Video games relate to constructions of empire narratively—as it is broadly understood—in a number of ways, and this is often how they most obviously engage with the topic: series like Age of Empires (1997-) or games like Empire: Total War (2009, part of the Total War series) signal this interest already in their titles, and the way in which such strategy games, and others like the Civilization series (1991-), represent the history of colonization and imperialism is highly significant for judging whether they assume a critical, postcolonial stance on their subject. This narrative dimension can extend to the stories that these games tell, to the characters they feature (including notable omissions among which events and figures are being represented), to who has or does not have agency in these stories, to how settings are evoked and spaces are constructed as part of environmental storytelling, and to how all of these elements are audiovisually represented.

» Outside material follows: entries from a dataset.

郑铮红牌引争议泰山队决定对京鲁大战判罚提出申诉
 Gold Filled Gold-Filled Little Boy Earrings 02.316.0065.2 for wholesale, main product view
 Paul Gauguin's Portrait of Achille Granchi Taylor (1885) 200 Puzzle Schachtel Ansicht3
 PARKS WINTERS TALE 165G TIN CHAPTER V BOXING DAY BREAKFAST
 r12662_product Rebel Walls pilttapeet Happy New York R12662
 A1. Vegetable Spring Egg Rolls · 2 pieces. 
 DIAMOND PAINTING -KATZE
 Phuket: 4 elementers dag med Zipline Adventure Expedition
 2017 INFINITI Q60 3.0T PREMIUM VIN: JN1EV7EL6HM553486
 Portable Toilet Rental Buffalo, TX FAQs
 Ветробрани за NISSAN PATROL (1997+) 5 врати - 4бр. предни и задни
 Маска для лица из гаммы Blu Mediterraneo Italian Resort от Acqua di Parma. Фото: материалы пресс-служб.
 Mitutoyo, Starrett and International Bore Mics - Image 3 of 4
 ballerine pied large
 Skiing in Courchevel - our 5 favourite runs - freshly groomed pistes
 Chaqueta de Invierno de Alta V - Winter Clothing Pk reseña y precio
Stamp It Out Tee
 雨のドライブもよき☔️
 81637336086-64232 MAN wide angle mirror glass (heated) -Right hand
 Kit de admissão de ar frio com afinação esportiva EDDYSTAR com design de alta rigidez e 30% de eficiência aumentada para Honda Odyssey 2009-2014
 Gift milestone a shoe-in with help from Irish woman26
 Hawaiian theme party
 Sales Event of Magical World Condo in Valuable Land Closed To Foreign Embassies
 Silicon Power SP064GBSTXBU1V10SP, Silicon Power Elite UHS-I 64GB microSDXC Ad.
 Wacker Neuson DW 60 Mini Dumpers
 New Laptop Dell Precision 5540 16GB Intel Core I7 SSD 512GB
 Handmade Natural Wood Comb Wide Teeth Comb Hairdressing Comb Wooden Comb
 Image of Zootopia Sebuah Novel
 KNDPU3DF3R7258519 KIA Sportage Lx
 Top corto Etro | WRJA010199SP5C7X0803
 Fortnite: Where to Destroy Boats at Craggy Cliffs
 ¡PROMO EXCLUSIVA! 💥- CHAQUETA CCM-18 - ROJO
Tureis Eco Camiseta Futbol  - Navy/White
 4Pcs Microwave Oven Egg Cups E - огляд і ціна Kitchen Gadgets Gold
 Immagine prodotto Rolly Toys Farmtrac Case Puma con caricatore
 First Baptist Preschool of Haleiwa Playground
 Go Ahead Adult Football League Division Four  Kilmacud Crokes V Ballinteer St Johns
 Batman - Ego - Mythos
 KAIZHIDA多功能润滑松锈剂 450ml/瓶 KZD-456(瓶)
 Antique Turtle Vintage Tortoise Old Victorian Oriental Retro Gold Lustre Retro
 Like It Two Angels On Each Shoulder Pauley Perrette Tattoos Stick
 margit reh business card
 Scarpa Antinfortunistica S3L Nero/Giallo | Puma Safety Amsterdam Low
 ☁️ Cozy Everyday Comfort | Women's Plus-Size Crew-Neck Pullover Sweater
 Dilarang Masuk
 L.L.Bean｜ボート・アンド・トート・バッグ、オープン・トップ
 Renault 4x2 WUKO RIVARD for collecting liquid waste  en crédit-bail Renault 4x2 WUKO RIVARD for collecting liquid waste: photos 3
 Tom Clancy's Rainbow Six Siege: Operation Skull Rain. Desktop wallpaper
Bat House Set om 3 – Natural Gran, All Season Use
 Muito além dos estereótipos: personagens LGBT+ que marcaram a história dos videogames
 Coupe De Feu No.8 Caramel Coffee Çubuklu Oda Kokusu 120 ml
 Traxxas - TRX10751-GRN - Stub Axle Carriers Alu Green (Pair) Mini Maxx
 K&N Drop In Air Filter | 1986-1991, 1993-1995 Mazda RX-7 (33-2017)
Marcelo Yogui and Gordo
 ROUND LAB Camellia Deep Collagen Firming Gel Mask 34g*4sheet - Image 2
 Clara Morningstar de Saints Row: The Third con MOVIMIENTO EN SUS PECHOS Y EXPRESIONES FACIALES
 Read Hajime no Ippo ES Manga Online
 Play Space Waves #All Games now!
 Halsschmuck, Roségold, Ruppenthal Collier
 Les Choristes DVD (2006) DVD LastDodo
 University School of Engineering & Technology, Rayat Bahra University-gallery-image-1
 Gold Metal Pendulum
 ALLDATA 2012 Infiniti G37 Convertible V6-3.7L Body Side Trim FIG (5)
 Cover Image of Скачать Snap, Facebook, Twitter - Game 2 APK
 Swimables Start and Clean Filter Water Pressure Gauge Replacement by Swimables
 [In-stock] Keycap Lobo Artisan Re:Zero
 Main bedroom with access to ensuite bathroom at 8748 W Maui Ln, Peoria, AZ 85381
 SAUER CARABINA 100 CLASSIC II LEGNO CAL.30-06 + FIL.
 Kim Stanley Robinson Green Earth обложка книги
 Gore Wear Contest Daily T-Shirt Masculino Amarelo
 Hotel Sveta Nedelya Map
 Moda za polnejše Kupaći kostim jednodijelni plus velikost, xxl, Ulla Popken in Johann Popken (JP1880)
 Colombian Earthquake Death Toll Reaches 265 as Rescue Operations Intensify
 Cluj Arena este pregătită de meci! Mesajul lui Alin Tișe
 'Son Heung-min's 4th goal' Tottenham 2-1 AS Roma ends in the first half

In addition to (re)narrating empires, the ludic elements of these games can equally be read in postcolonial terms: do specific gameplay aspects promote or subvert, for example, imperial and colonial ideologies of white supremacy or patriarchal capitalism? Often, it is specifically the combination of gameplay mechanics and narrative world-building that renders video games significant for such questions. For instance, the act of taking over—or colonizing—space is both a central gameplay element and a key narrative motivation in many video games. In such portrayals, the narrative of settler colonialism and the myth of ‘manifest destiny’ often suffuse both gameplay and narrative, a legacy that ranges from literal representations in classic games like The Oregon Trail (1985) to more metaphorical science-fiction settings such as in the exploration game No Man’s Sky (2016). Space in video games thus functions as something through which an empire can be played (or ludified), offering various ways to colonize and ‘claim’ space.
The combination of narrative and ludic elements in video games often creates contradictory, ambivalent politics, with a notable tendency toward an uncritical examination of the United States’ colonial legacy. For instance, Mir and Owens summarize the (narrative) representation and (ludic) gameplay function of indigenous people in Civilization IV: Colonization (2008) by pointing out that “Native peoples are simply a resource to be managed in the spreadsheet of cultural domination. At the level of code they are the ‘Other,’ limited in actions and cultural traits that specifically benefit their colonizers.” Focusing on the visual elements of Age of Empires III: The WarChiefs (2006), Dillon notes that “he implications of applying clearly Western, and more specifically colonialist, design aesthetics to a game with Indigenous characters without regard to incorporating Indigenous aesthetic is one of misrepresentation and simplification of a culture to game mechanics used universally throughout the Age of Empires series.”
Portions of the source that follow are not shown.